The biggest surprise, honestly, is that Trump reacted the way he did at all. He seemed genuinely shocked by this incident. But why this one? Trump seems to have no problem with extrajudicial killings when other leaders do them. He seemed to have no problem with all the other people Assad had killed. He just had a warm meeting with Egyptian President Abdel Fattah el-Sisi, who has a plenty questionable human rights record. A few days ago, his Ambassador to the United Nations Nikki Haley could be found saying that removing Assad was not a priority. In fact, prior to this week, there was widespread speculation that Trump might actually join Russia to help Assad crush the rebels. A far more predictable response from Trump would have been to obfuscate, imply the videos were faked, suggest that the victims were terrorists who had it coming, etc. ... exactly what the Russians were doing.

Three possible explanations come to mind for the sudden about-face.

1. He was genuinely moved by the videos. They are deeply disturbing — I'm not even going to link to them — so this is possible. But it seems unlikely. After all, without putting too fine a point on it, I have yet to see this president show the slightest empathy towards anyone to whom he is not related by blood or marriage. It just doesn't seem his style.

2. He took this personally. This was not just a heinous attack on innocent civilians, it was a serious inconvenience to Trump's policies towards Russia, the Middle East, and refugees. Trump seems to respond reflexively to either flattery or insult. The fact that Assad would do this to him is what makes it particularly unacceptable in Trump's mind.

3. The effects of the attack were caught on video. Trump is particularly attuned to popular reaction to media images. My most likely theory is that he recognized that Americans would be outraged by what they were seeing, and jumped out ahead of that outrage. The videos humanized a war with inhuman statistics — hundreds of thousands dead, millions displaced.
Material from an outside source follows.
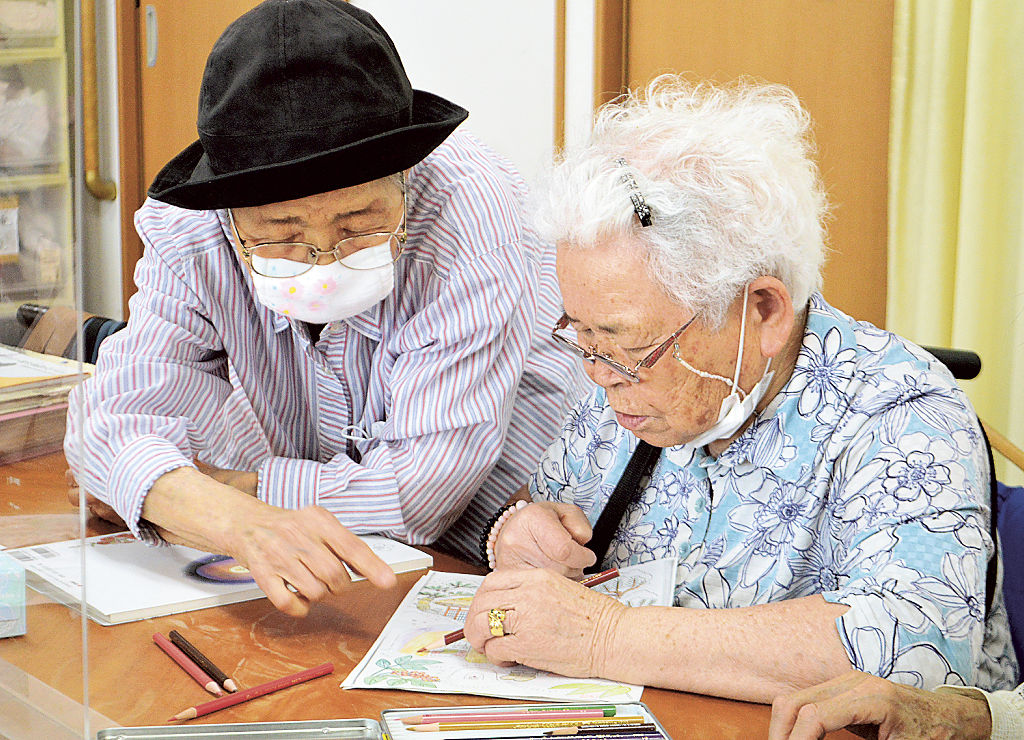生徒の隣に寄り添いながら、色の塗り方を伝える大村さん（左）＝静岡市葵区のデイサービス「亀寿庵」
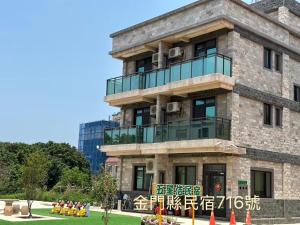 a building with a balcony on top of it at 五星佶民宿 in Jinning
A few specific Syrian children being gassed is horrifying, even to those who would deny them refuge in the United States.


So now what?

This evening the Washington Post reported that Trump was considering military action against the Assad regime. This means that Trump is now caught in the same trap that Barack Obama was after the "red line" episode. Any action taken against Assad will be deeply destabilizing to both Syria and international peace, given the direct support for the regime by Russia, Iran, and Hezbollah. Overthrowing Assad would leave complete anarchy and a clearer field for Islamic State and others, and would be ruinous for the ethnic and religious minorities that support the regime and depend on it for protection. But anything short of overthrowing Assad will be ineffective given the nature of the regime and its inherent inability to accept compromise, political transition, or free elections. There are no good options here. Also, escalation is highly likely. Here's Micah Zenko:

Obama's solution was to go to Congress to get permission for airstrikes that he admitted at the time would not change the political calculus, get rebuffed, and then settle for the Russia-orchestrated deal to remove chemical weapons from Syria... which, as it turns out, apparently did not remove all of them.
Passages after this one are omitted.